A GitHub Actions workflow script is included in this repository that will automatically run the pylint linter and the black formatter in both the web-app and machine-learning-client subdirectories to check the code in every pull request for its adherence to the proper code conventions. If the code does not pass such a check, the pull request must not be approved or merged.

Due to its general-purpose design, and the fact that it checks all code the same way, regardless of whether that code is part of the web app, machine learning client, or other subsystem, the given workflow script may not be appropriate for all projects. You are welcome to modify it as necessary to suit your project's needs, as long as the spirit of the check remains the same.
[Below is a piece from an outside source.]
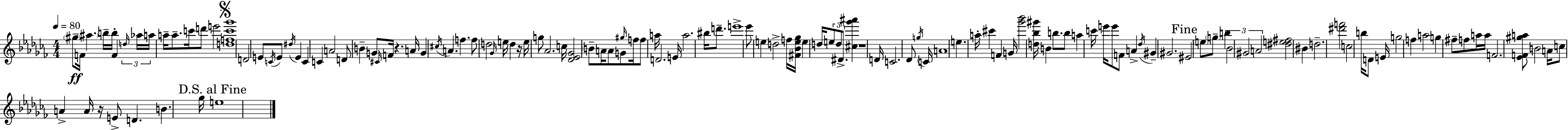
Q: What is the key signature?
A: AES minor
For example, you may need to set up separate linting and formatting jobs for each subsystem and/or set the linter or formatter to ignore certain files or dependencies that are incapable of passing the linter/formatter checks for reasons outside the control of this project's developers, for example by using pylint's --ignore or --ignored-modules flags or black's --exclude flag. It is up to your team to research and implement any such changes.

Documentation

Replace the contents of the README.md file with a beautifully-formatted Markdown file including

  • a plain-language description of your project, including:
  • two badges at the top of the README.md file showing the result of the latest build/test workflow of both the machine learning client and web app subsystems.
  • the names of all teammates as links to their GitHub profiles in the README.md file.
  • instructions for how to configure and run all parts of your project for any developer on any platform - these instructions must work!
  • instructions for how to set up any environment variables and import any starter data into the database, as necessary, for the system to operate correctly when run.
  • if there are any "secret" configuration files, such as .env or similar files, that are not included in the version control repository, examples of these files, such as env.example, with dummy data must be included in the repository and exact instructions for how to create the proper configuration files and what their contents should be must be supplied to the course admins by the due date.